---- Given material

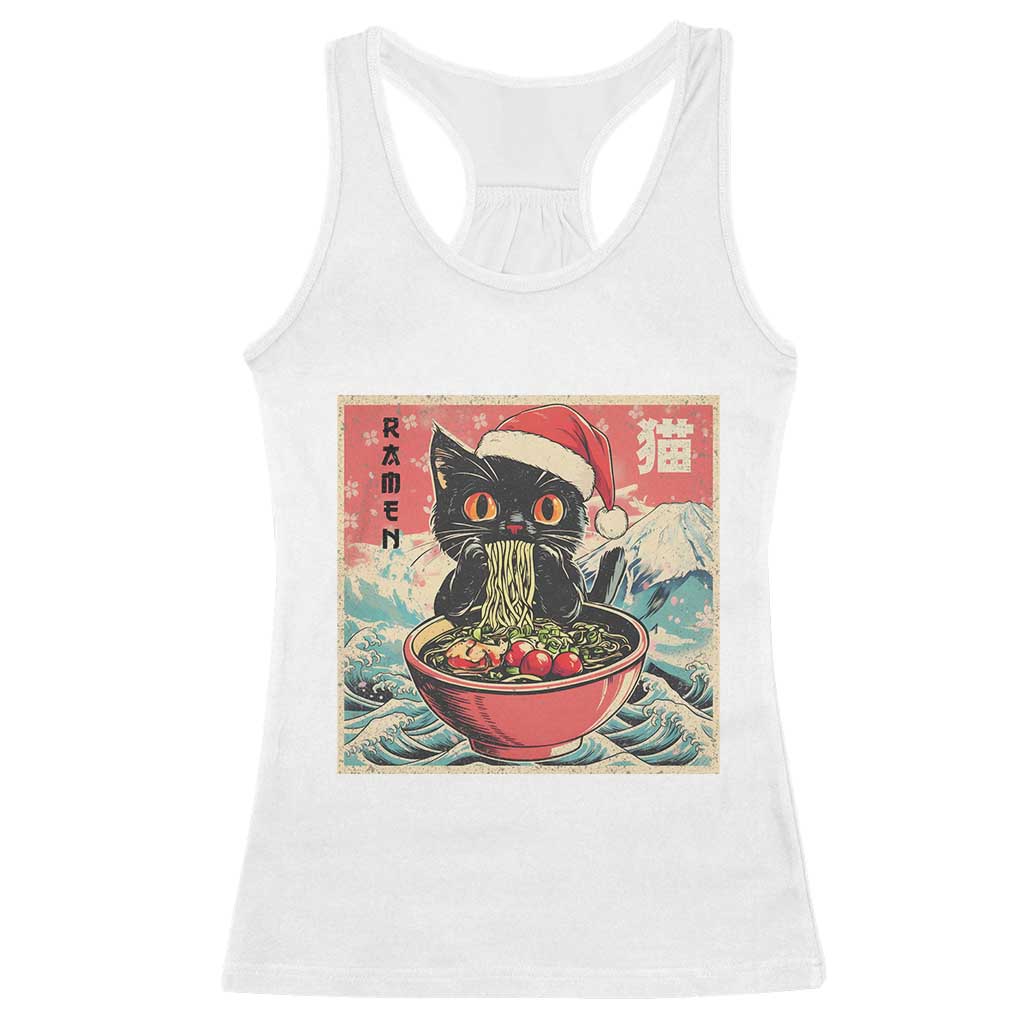 Cat Ramen Christmas Racerback Tank Top Japanese Kawaii Retro Cats Manga TS14 White Print Your Wear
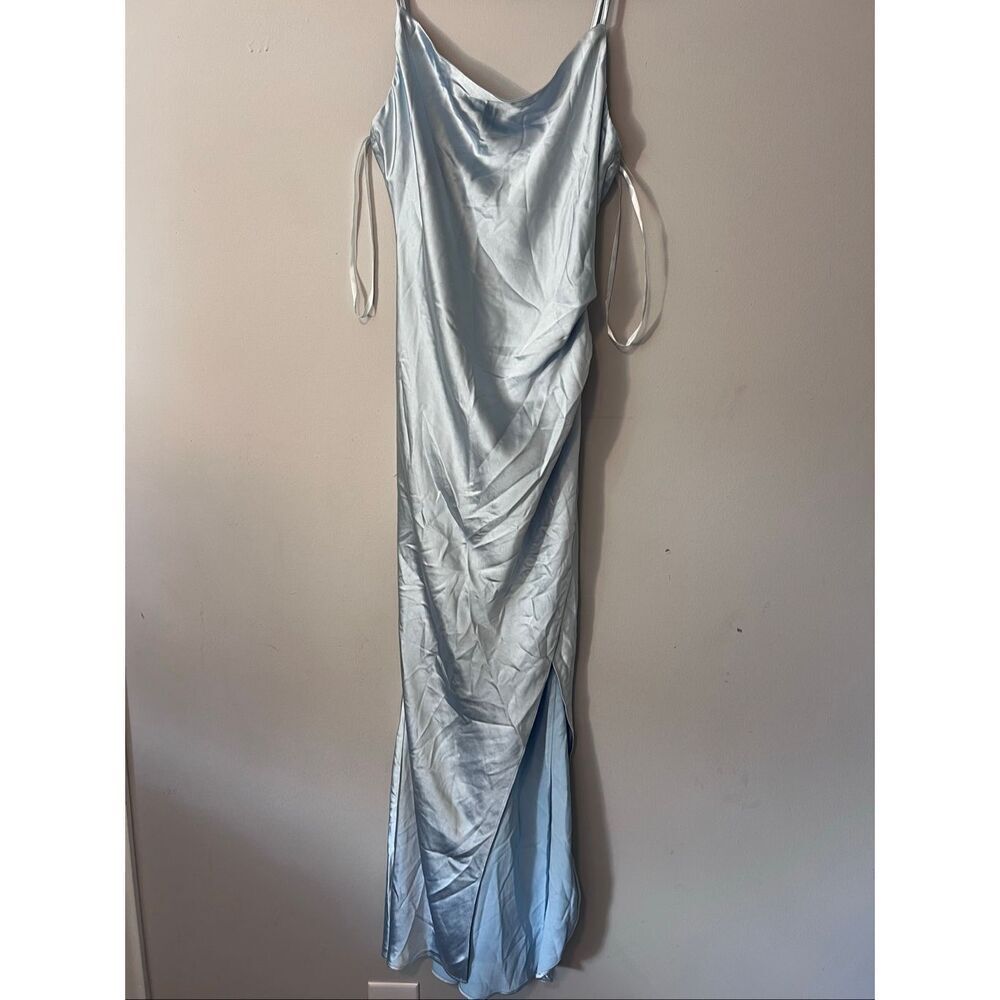 NWT Selfie Leslie Satin Like Dress Steal Blue
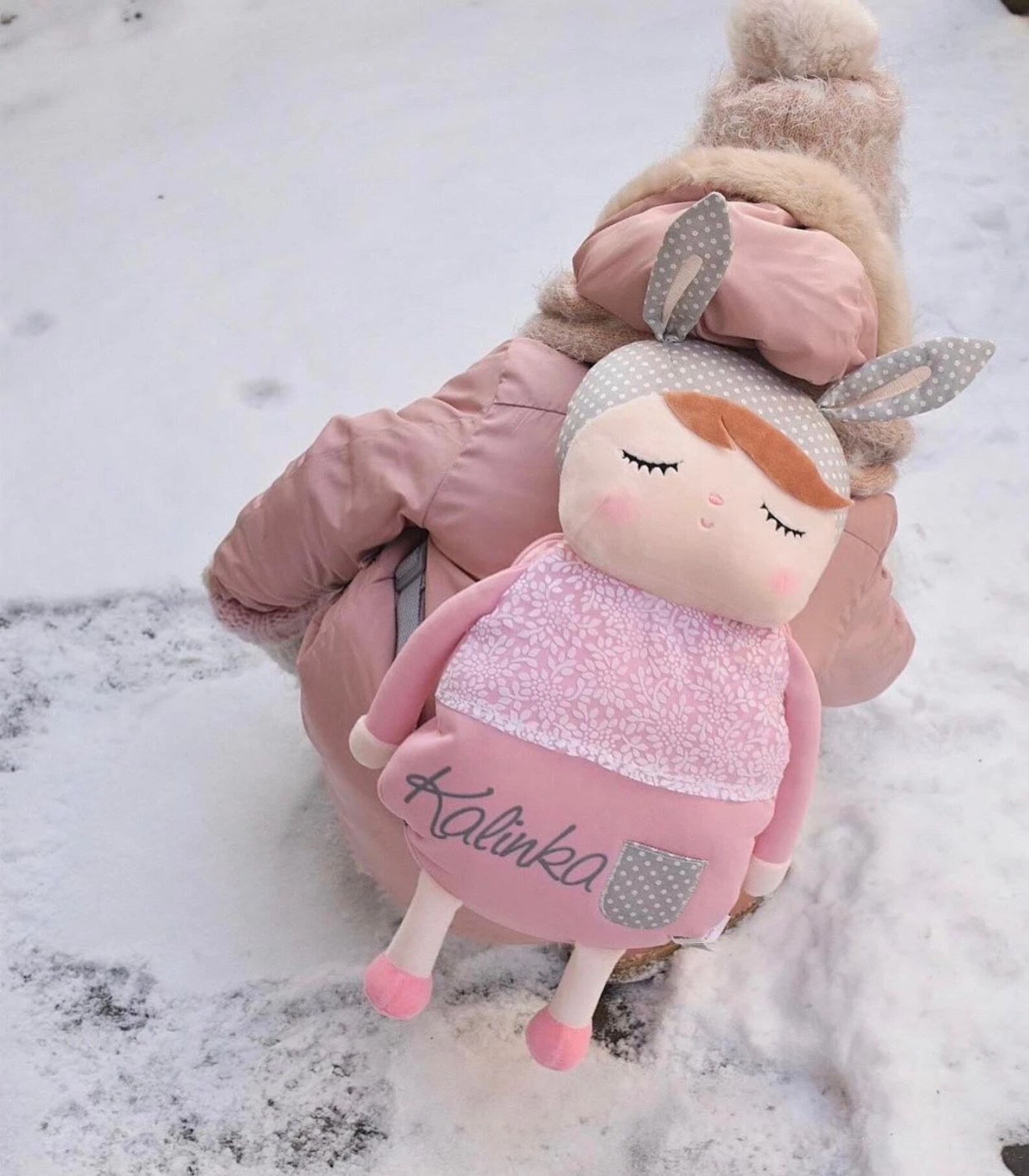 Rabbit Dolls Backpack in Pink Nursery Backpack Etsy UK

--------

Every line above must be printed again exactly, pictures excluded.

 Cat Ramen Christmas Racerback Tank Top Japanese Kawaii Retro Cats Manga TS14 White Print Your Wear
 NWT Selfie Leslie Satin Like Dress Steal Blue
 Rabbit Dolls Backpack in Pink Nursery Backpack Etsy UK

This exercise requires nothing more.